(Brief descriptive captions)
+ + +

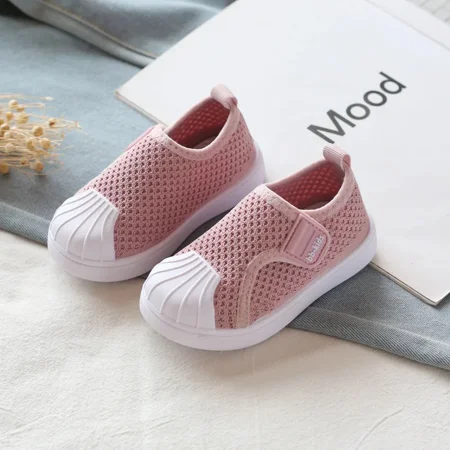 

Children Casual Shoes Kids Sneakers for Toddlers Boys Girls Air Mesh Breathable Classic 2024 Spring Autumn Skate Shoes Anti-kick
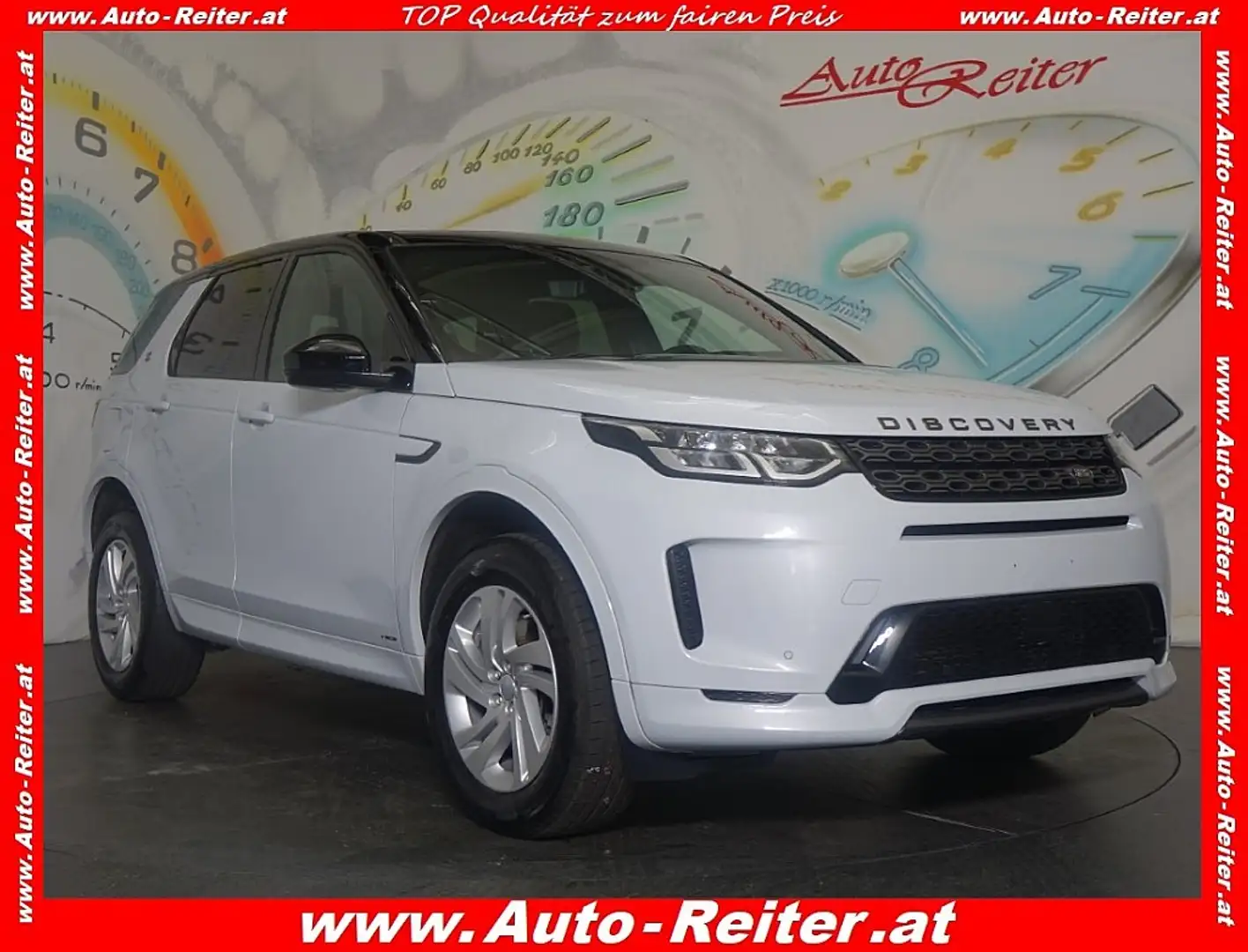 Land Rover Discovery Sport P250 AWD Aut. R-Dynamic *LED, NAVI, HEAD UP, AC... Weiß - 1
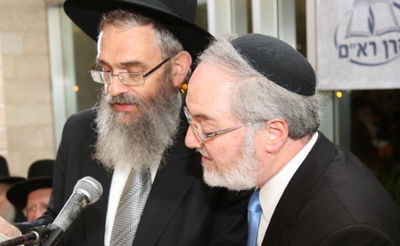 המיליונר שאיחד בכינוס אחד ראשי ישיבות חרדיות וסרוגות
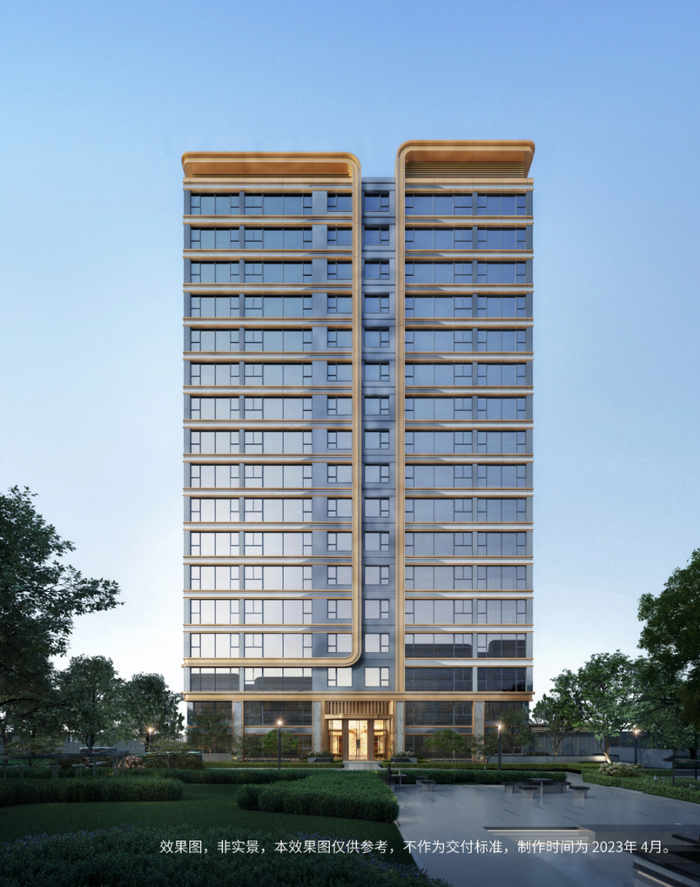 效果图仅供参考，外立面详见公示立面材质分色，最终以交付为准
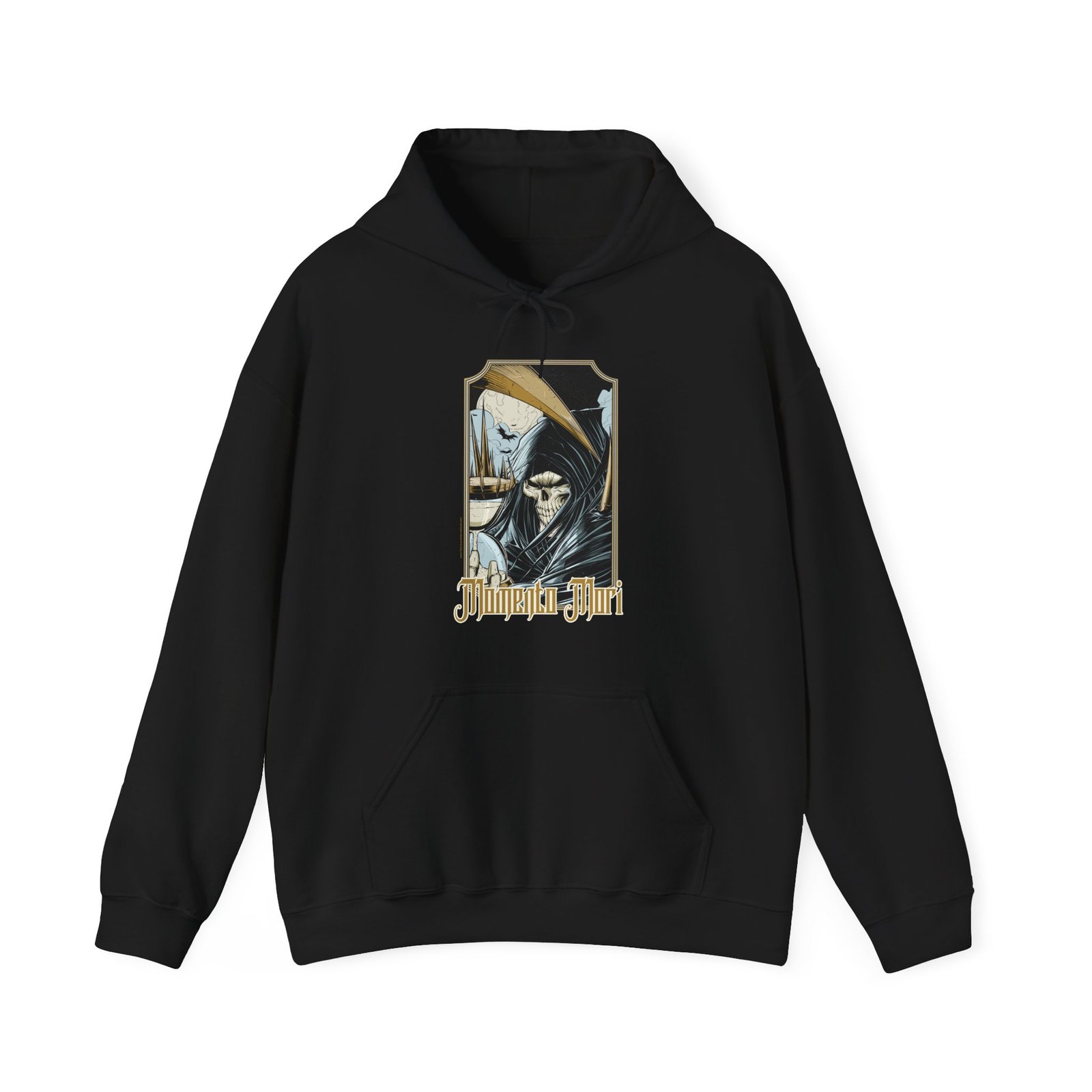 Sanctuary International - Momento Mori Pullover Hooded Sweatshirt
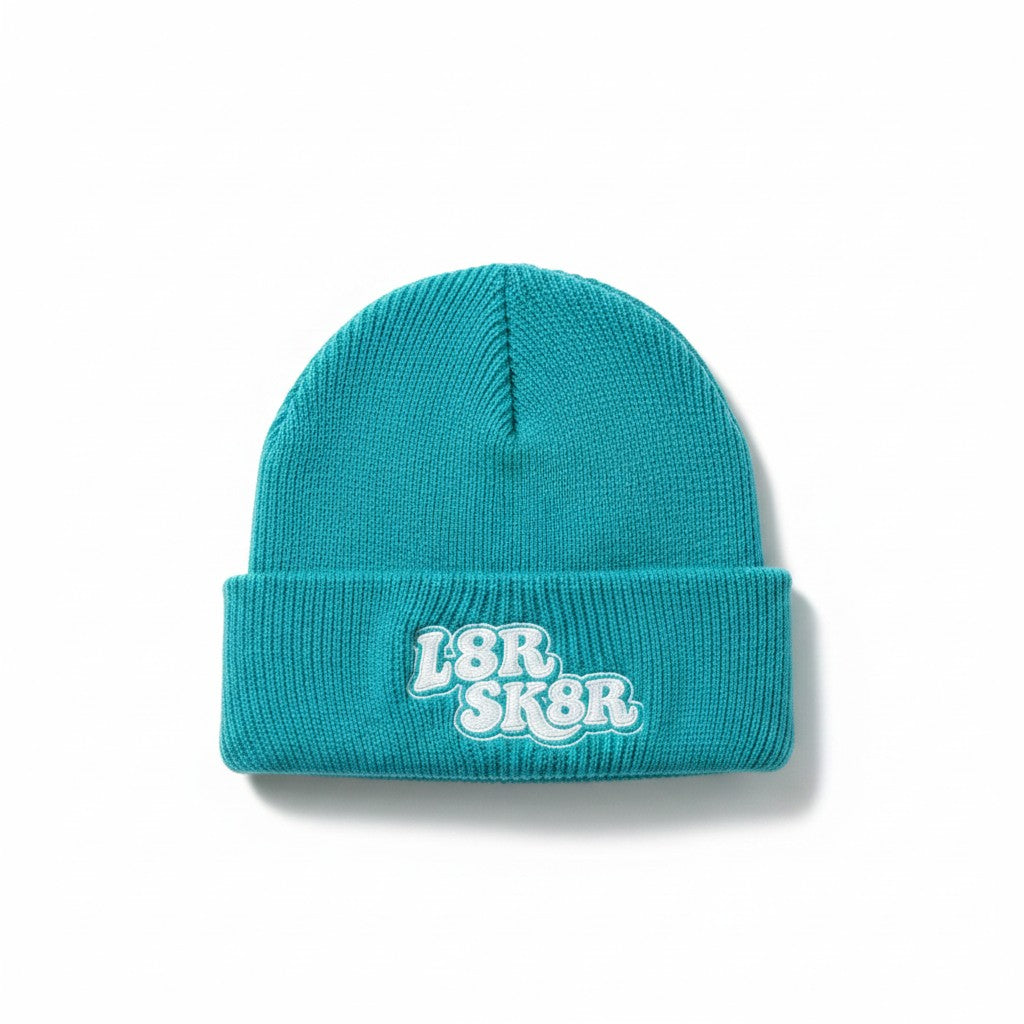 L8R SK8R Signature Kids Beanie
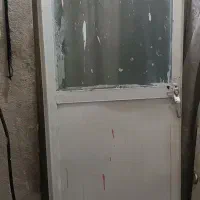 درب آهنی انباری دوتا ویک پنجره|مصالح و تجهیزات ساختمان|مشهد, ایوان|دیوار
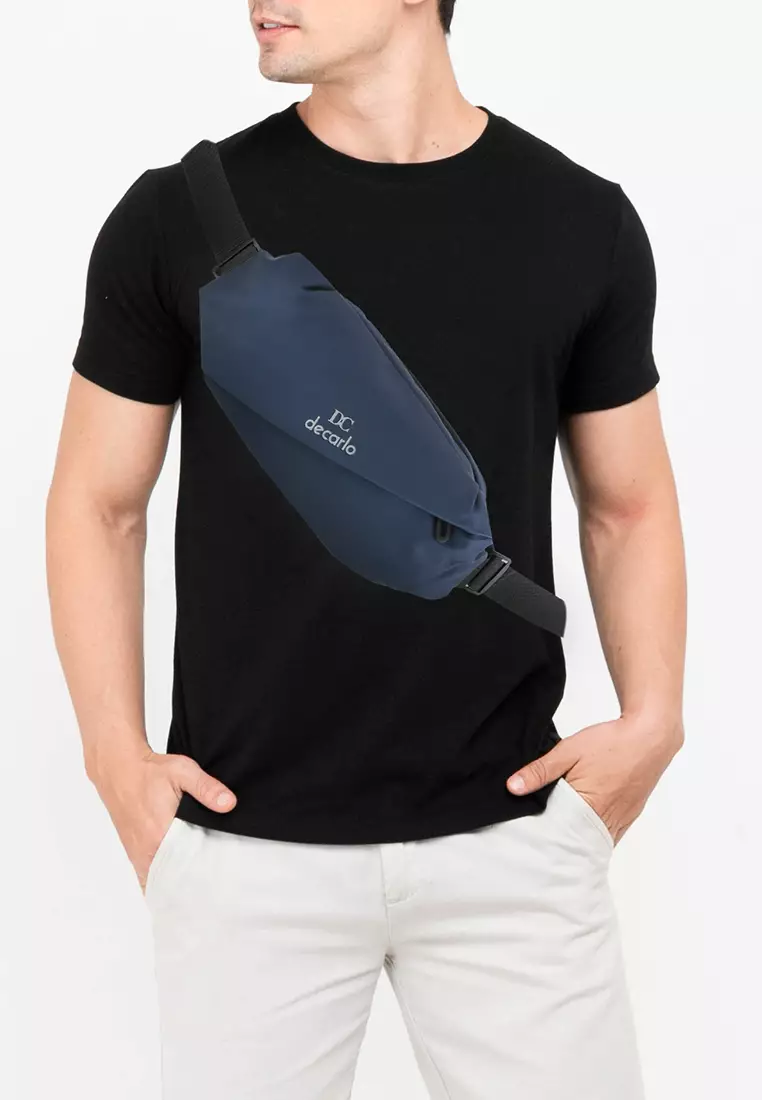 Raditya Sling Bag Blu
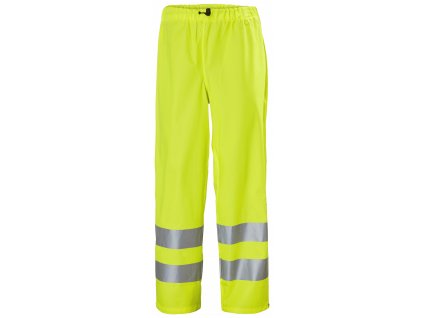 Nepromokavé reflexní kalhoty Helly Hansen ALTA - HI-VIS ŽLUTÁ 1/2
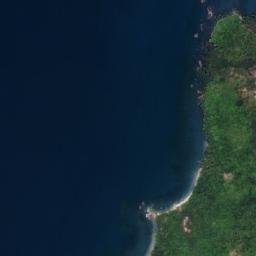 Satellite imagery of Baluarte Point, PH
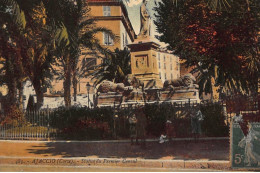 AJACCIO : Statue Du Premier Consul - Etat - Ajaccio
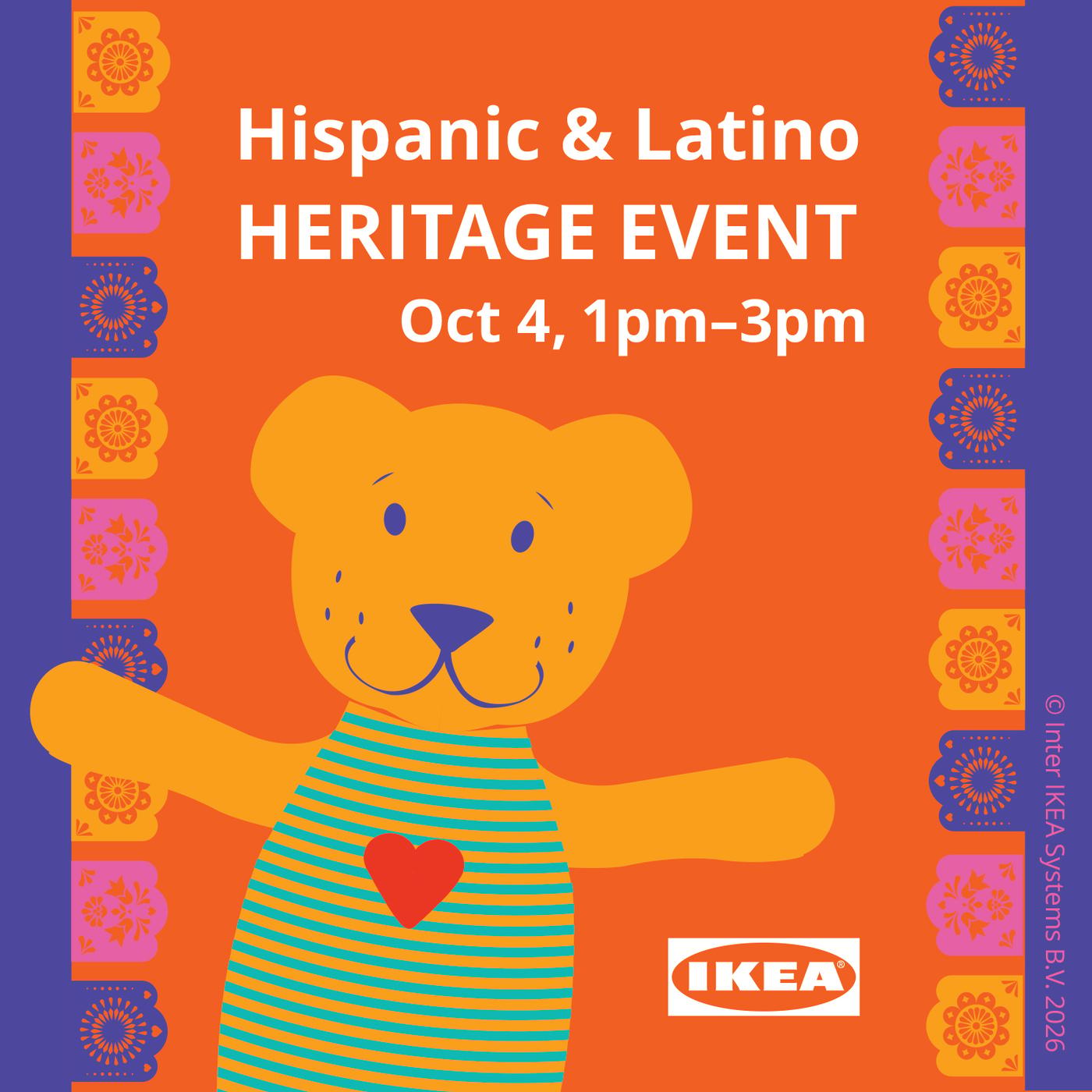 Hispanic & Latino Heritage Month Passport Event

+ + +

What is being asked —
Only exact lines belong in the answer: those from the beginning of the entries above through the line holding "效果图仅供参考，外立面详见公示立面材质分色，最终以交付为准", with no pictures.

The answer —
Children Casual Shoes Kids Sneakers for Toddlers Boys Girls Air Mesh Breathable Classic 2024 Spring Autumn Skate Shoes Anti-kick
 Land Rover Discovery Sport P250 AWD Aut. R-Dynamic *LED, NAVI, HEAD UP, AC... Weiß - 1
 המיליונר שאיחד בכינוס אחד ראשי ישיבות חרדיות וסרוגות
 效果图仅供参考，外立面详见公示立面材质分色，最终以交付为准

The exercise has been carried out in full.